Brexit talks heading toward breakthrough, says EU official; Media claims Britain has agreed to pay 50 billion euros
A European Union official said that EU and British negotiators were making progress toward a breakthrough in Brexit talks.
Brussels: A European Union official said Tuesday night that EU and British negotiators were making progress toward a breakthrough in Brexit talks amid media reports that a tentative deal on a financial settlement had been found.
With a mid-December deadline drawing close for a decision by EU leaders on whether "sufficient progress" has been made in order for the negotiations with Britain to be expanded to include future trade relations, diplomats are in a furious last stretch to find major progress on three issues, including how much Britain will have to pay the bloc for its departure.
British media reports said late Tuesday that both sides had agreed on a British payment of roughly around 50 billion euros.
The EU official, who insisted on not being quoted by name because the negotiations were still going, said talks had been making progress over the past few days and were "heading toward" a breakthrough, although he could not confirm such a deal had already been secured.
Even if there would be enough progress on the financial settlement, both sides still need to overcome differences over the future rights of their citizens in each other's nations and the transparency of the border between the UK's Northern Ireland and EU member Ireland. Talks on the border have proved extremely complicated, officials have said.
The EU Commission refused to comment on the British media reports. It said EU Commission President Jean-Claude Juncker will lunch with British Prime Minister Theresa May on Monday and the Commission would assess progress in the talks 6 December.
One week later the 28 leaders convene for their year-end summit, which will centre on the Brexit negotiations.
Britain has been feverishly working to get the "sufficient progress" acknowledgement to move to its future relations with the bloc once it leaves on 29 March, 2019. The business and finance community has been increasingly restless because of the lack of clear progress in the convoluted talks and the political unrest within May's government.
Earlier Tuesday, British lawmakers lambasted the government over its reluctance to disclose a series of studies it commissioned on the likely economic impact of Brexit.
Earlier this month, the House of Commons passed a motion by the opposition Labour Party calling for the analyses of 58 sectors of the economy to be released. Commons Speaker John Bercow said the government could be found in contempt of Parliament if it refused to comply.

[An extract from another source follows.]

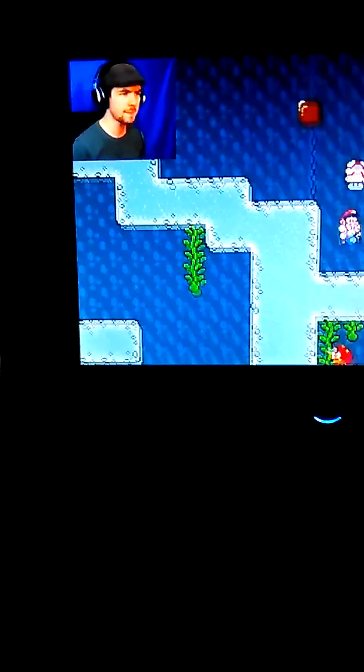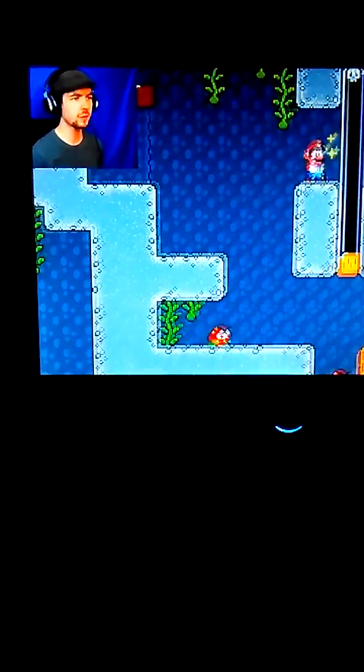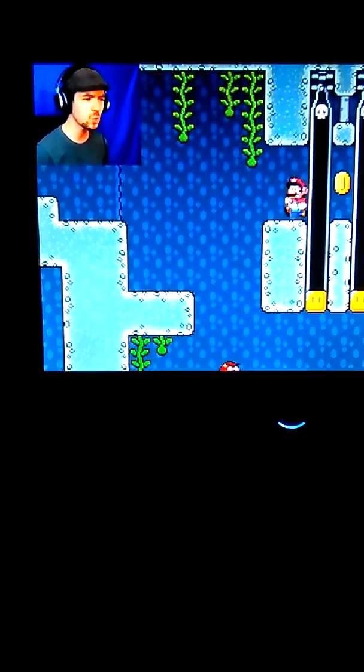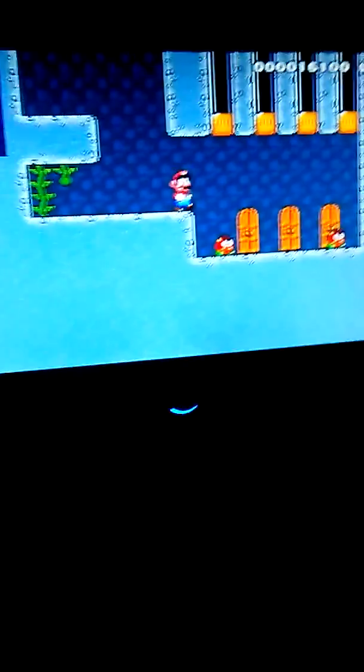I have no idea what to do. Oh gosh, I'm scared. Oh gosh.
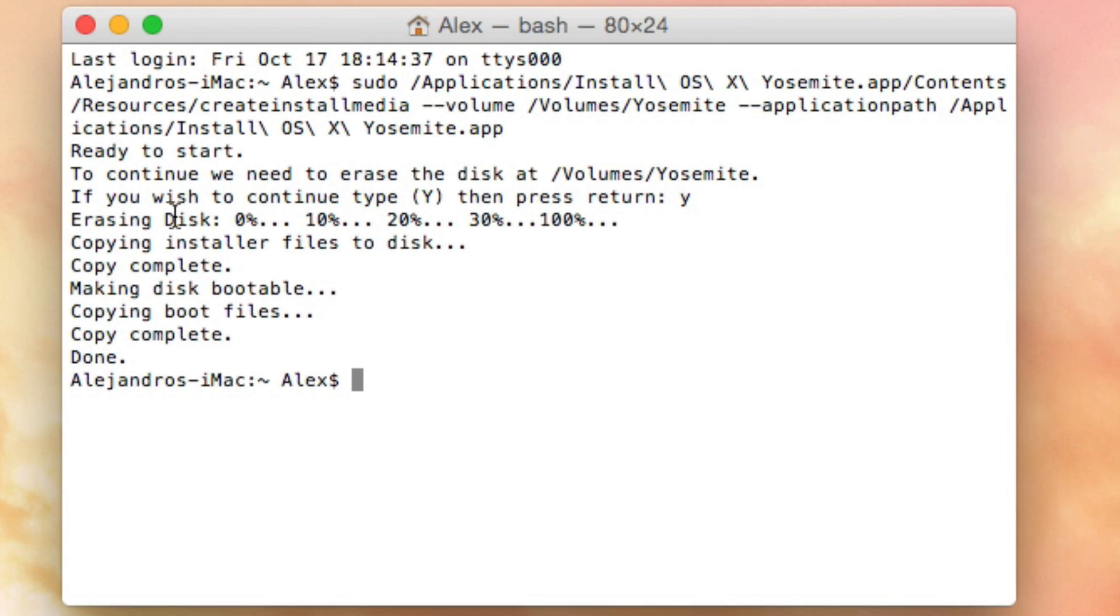So the process is: if you wish to continue, type yes. It erases your disk completely, renames it 'Install OS X Yosemite,' and it copies the installer files to disk. That means that it gets the whole installer and puts it on your USB disk.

Government ministers argued that making the assessments public would undermine its divorce negotiations with the European Union. Pro-EU lawmakers suspect the documents reveal that Brexit could have a serious negative effect on the economy.
On Tuesday the government said it had sent some 850 pages of the documents to Parliament's Exiting the EU Committee, but with "commercially, market and negotiation sensitive information" withheld. The committee said that was not good enough, and summoned Brexit Secretary David Davis to explain himself. The date of his appearance has not yet been set.

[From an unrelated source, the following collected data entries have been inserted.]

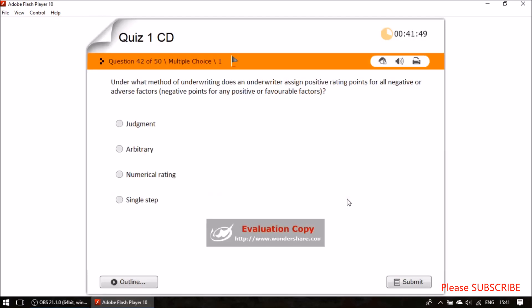Question forty: under which method of underwriting does an underwriter assign positive rating points for all negative or adverse factors and negative points for any positive or favorable factors? The answer is numerical rating, where points are assigned to all negative or adverse factors.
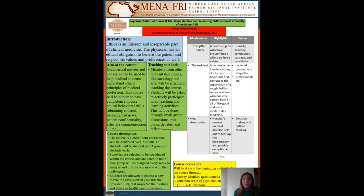Reflection essays will also be used. My course will be evaluated at the beginning and at the end of the course through a SurveyMonkey questionnaire.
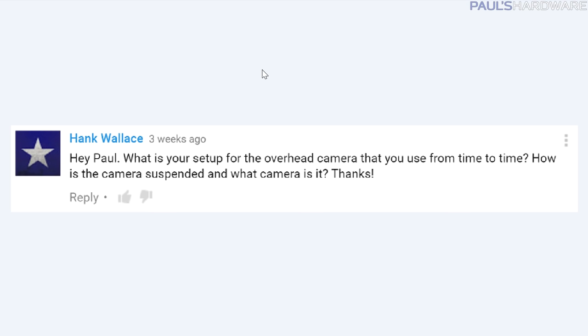Next question from Hank Wallace: what is your setup for the overhead camera that you use from time to time? How is it suspended and what camera is it? Good question, Hank - I will show you. It's right here.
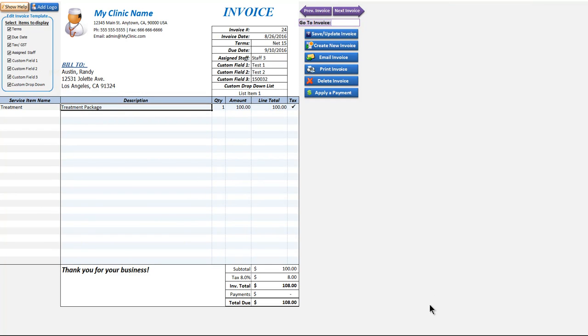Next up we have the invoice screen. Invoices can be created automatically and manually.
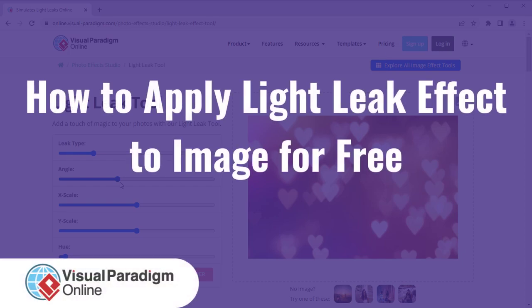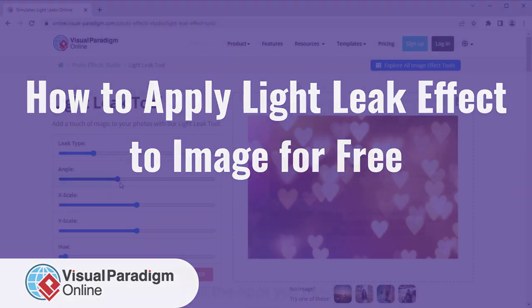Visual Paradigm Online can help you to apply Light Leak Effect to your images for free.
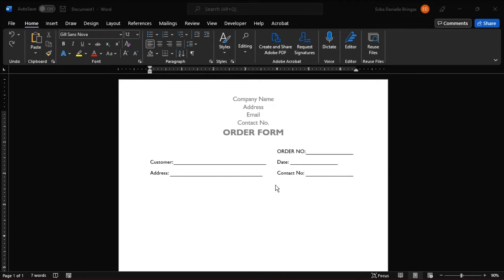Once you're finished, you can now add in a table where it includes the quantity, unit, item descriptions, unit price, amount, and the total price.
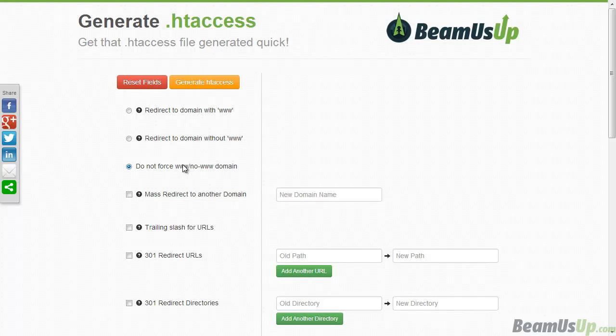First, let's say you want to redirect your domain name to www.yourdomainname.com as an example, because sometimes you'll have duplicate content issues with the non-www version and the www version. So I'd click that here, it tells me what it does.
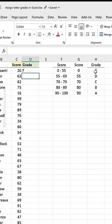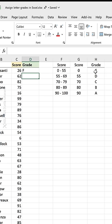Press Enter and we have it. All we have to do is double-click and send this down, and we have the correct letter grades for these scores.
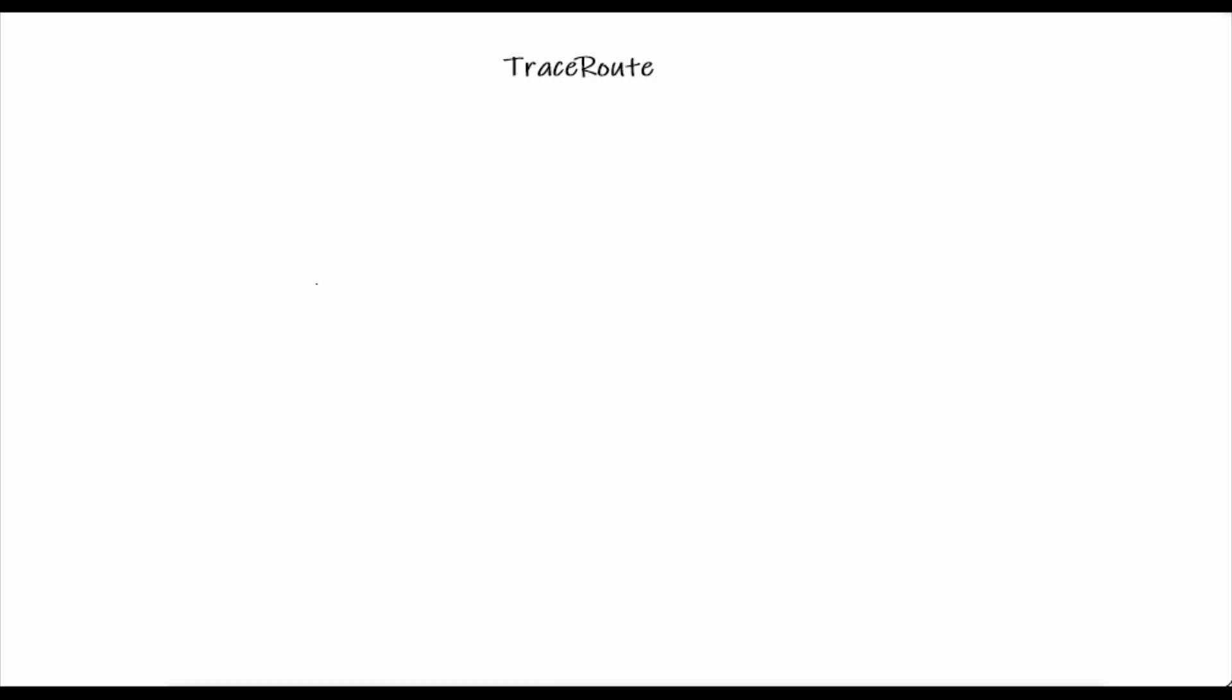Hello everyone, welcome back to the Cloud Channel. In today's class we are going to discuss traceroute.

Opposition Labour Party Brexit spokesman Keir Starmer accused Davis of "treating Parliament with contempt" by failing to release the documents in full. Scottish National Party lawmaker, Pete Wishart, said he had written to Bercow formally complaining that the government has held Parliament in contempt.
Lawmakers found in contempt of Parliament can be suspended or expelled, or even incarcerated in the Big Ben clock tower, although that punishment hasn't been used since the 19th century.